*INSTRUCTIONS TO FOLLOW:*
Exactly the lines below from the line with "American Flag Bald" through the line with "Półbuty damskie ażurowe" must make up the answer, both ends included and pictures left out.

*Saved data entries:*

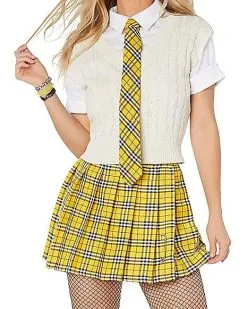 Spirit Halloween Adult Yellow Plaid Plus Size Skirt -Spooky Costume Store 01524537 c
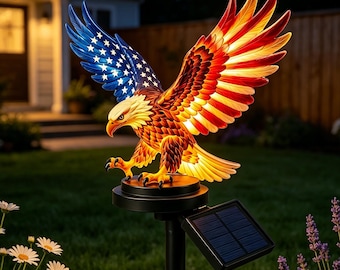 American Flag Bald Eagle Solar Garden Stake Light, Resin Patriotic Outdoor Yard Lamp, Veteran Gift for Home Backyard Landscape Ornament
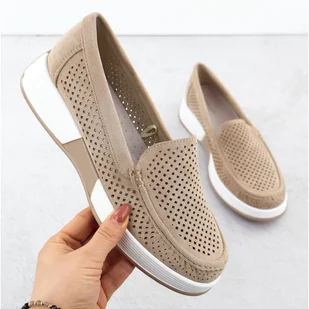 Półbuty damskie ażurowe na platformie beżowe Sergio Leone 094H beżowy - Półbuty damskie - miniaturka - grafika 1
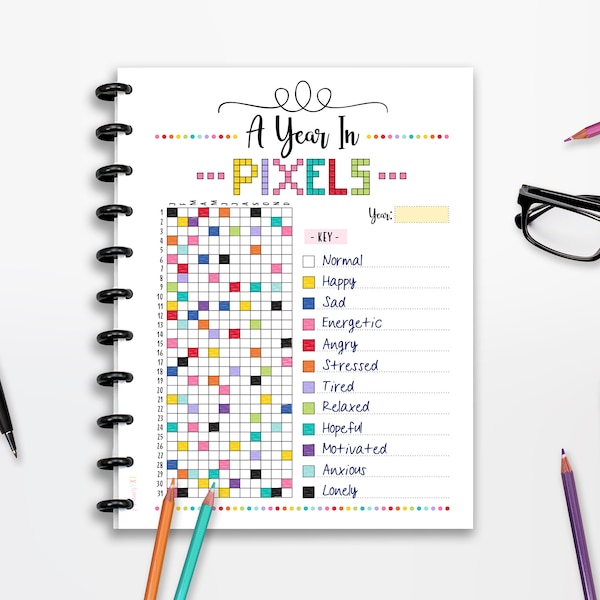 A Year in Pixels Tracker Printable, Mood Tracker, INSTANT DOWNLOAD, Motivation, Classic Happy Planner, Half Page, CUTLINES, 8.5x11, A4, A5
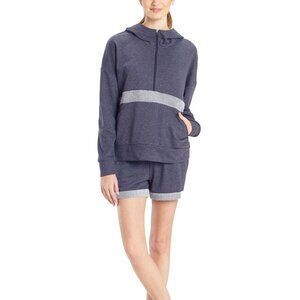 Josie Natori Womens Activewear Chi French Terry Active Half-Zip Top
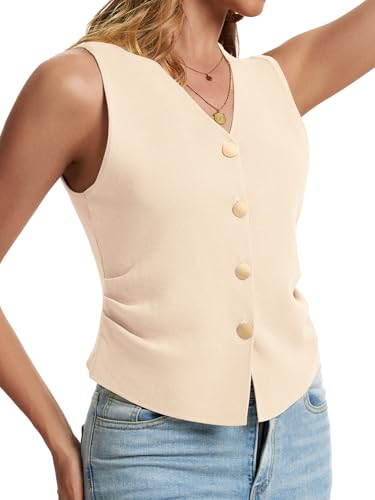 Image of Sweater Vest Women Dressy Button Up Knit Sleeveless Tank Tops Work Business Casual Outfits Summer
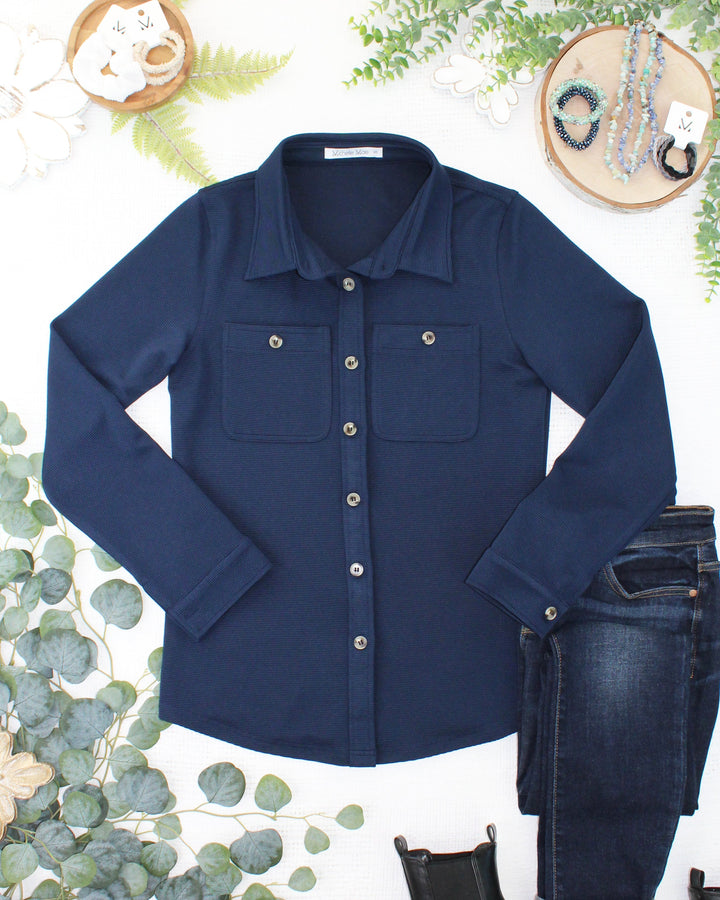 IN STOCK Ryleigh Ribbed Button Down - Navy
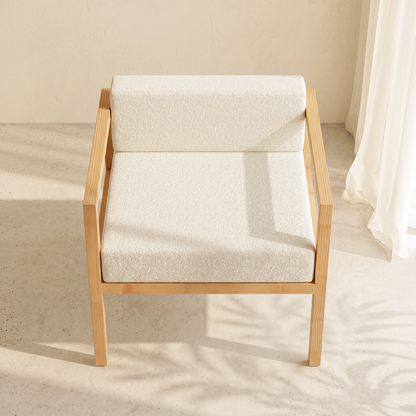 Kosho lounge chair seat and cushion detail, generous seat depth for reading and lounging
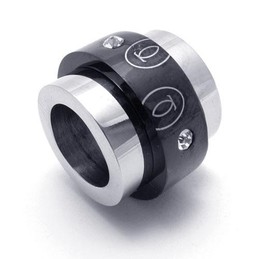 Black Silver Pure Titanium Rings Pendant Necklace (New)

*REPLY:*
 American Flag Bald Eagle Solar Garden Stake Light, Resin Patriotic Outdoor Yard Lamp, Veteran Gift for Home Backyard Landscape Ornament
 Półbuty damskie ażurowe na platformie beżowe Sergio Leone 094H beżowy - Półbuty damskie - miniaturka - grafika 1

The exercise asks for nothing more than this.